> _AIM OF THE EXERCISE_: Only the tail of the listing is wanted: the line containing "Portrait of smiling young woman wearing hat" and all after it, repeated exactly, pictures omitted.

> _EXCERPTED RECORDS_:

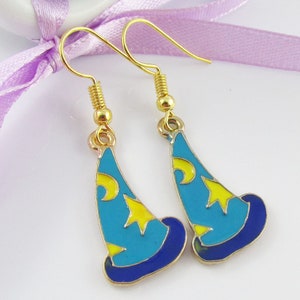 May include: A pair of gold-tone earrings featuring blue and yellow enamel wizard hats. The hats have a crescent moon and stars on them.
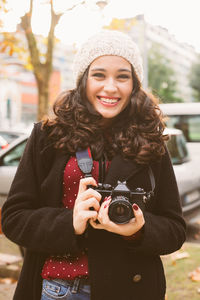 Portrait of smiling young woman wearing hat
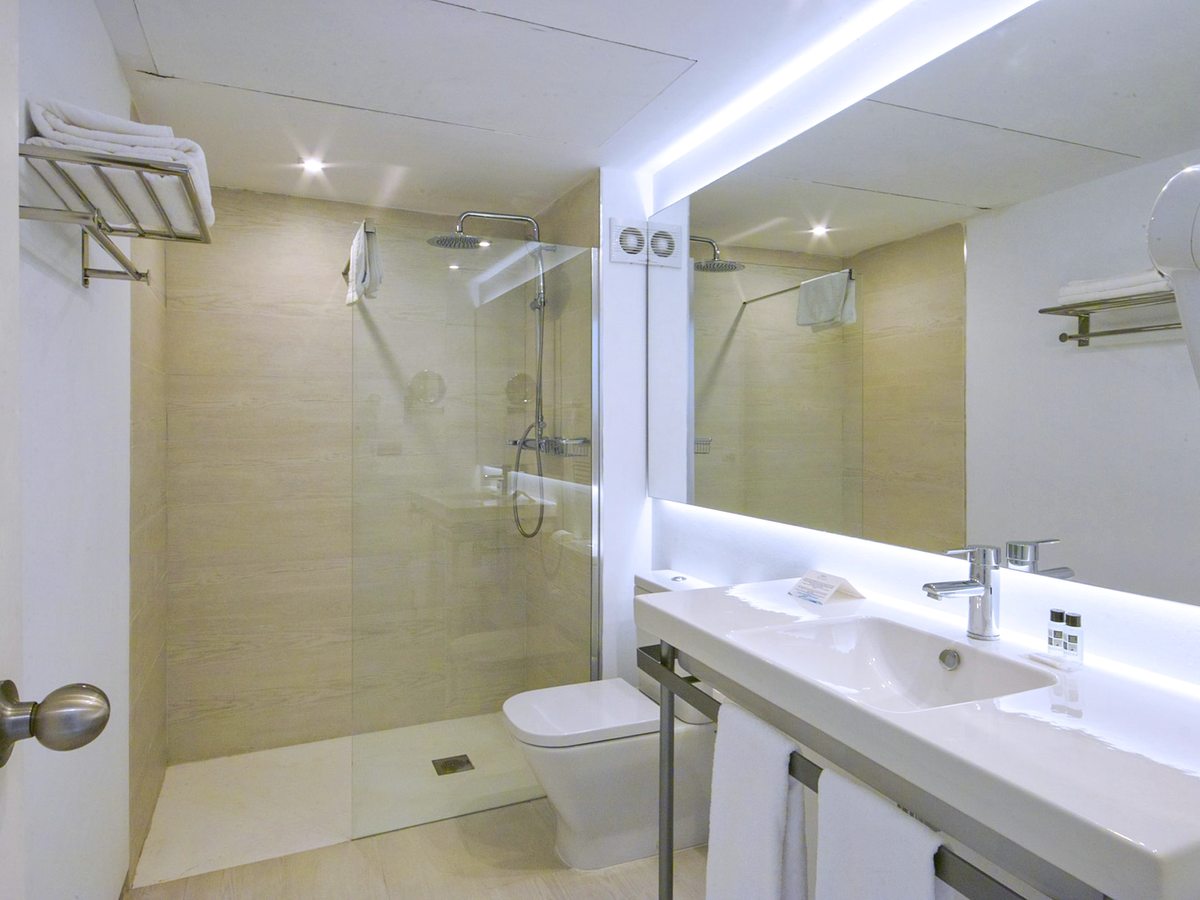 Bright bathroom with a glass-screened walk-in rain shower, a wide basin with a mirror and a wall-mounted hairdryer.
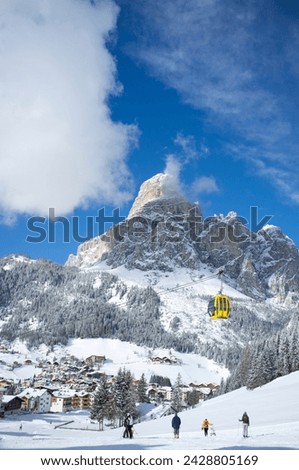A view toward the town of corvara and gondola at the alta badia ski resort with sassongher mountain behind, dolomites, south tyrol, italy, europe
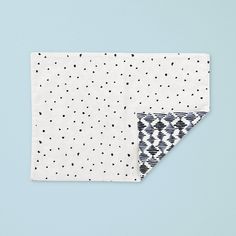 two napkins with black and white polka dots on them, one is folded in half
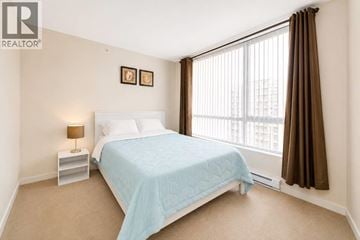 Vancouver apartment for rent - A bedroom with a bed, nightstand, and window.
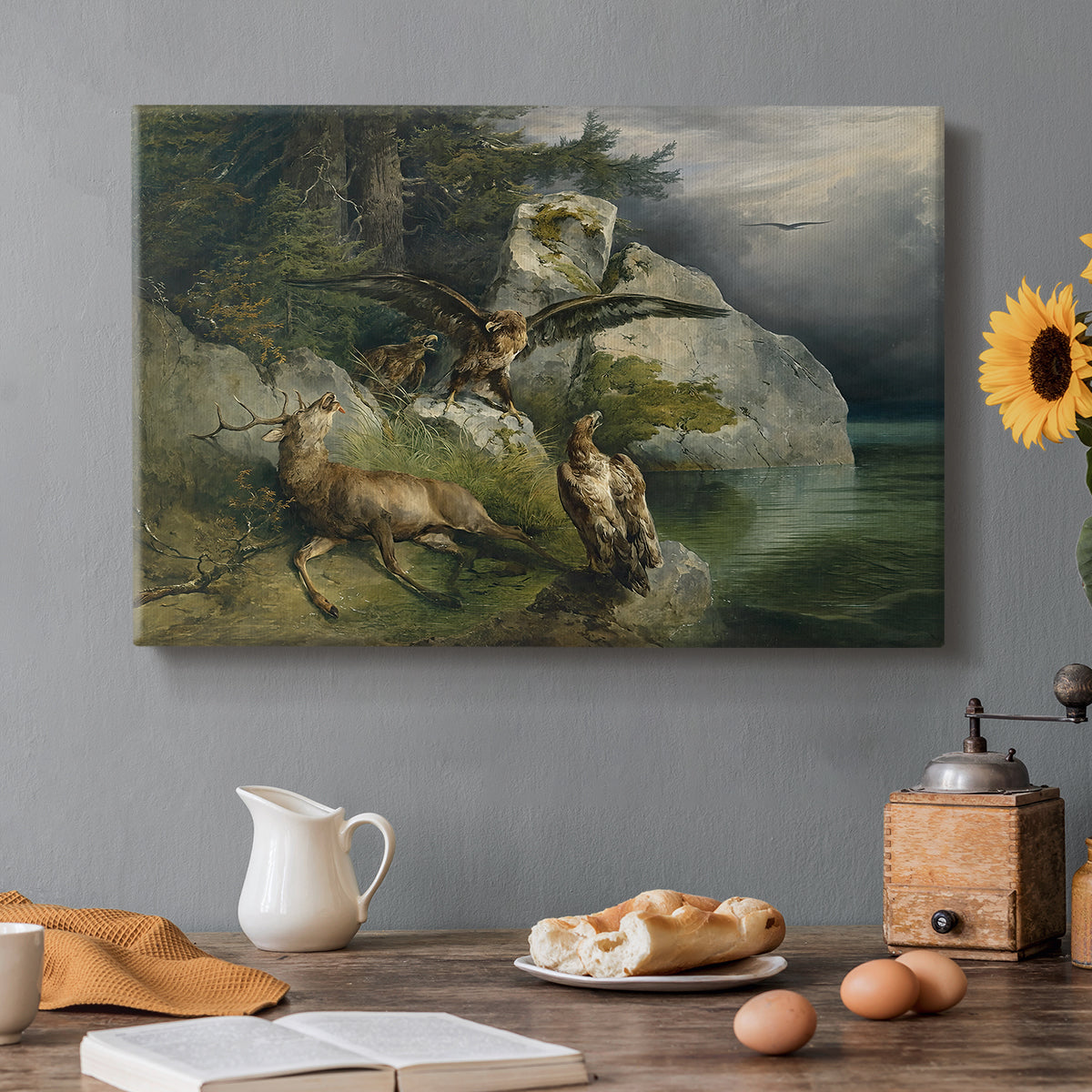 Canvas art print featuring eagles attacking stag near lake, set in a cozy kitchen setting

> _ANSWER TO THE EXERCISE_:
 Portrait of smiling young woman wearing hat
 Bright bathroom with a glass-screened walk-in rain shower, a wide basin with a mirror and a wall-mounted hairdryer.
A view toward the town of corvara and gondola at the alta badia ski resort with sassongher mountain behind, dolomites, south tyrol, italy, europe
 two napkins with black and white polka dots on them, one is folded in half
 Vancouver apartment for rent - A bedroom with a bed, nightstand, and window.
 Canvas art print featuring eagles attacking stag near lake, set in a cozy kitchen setting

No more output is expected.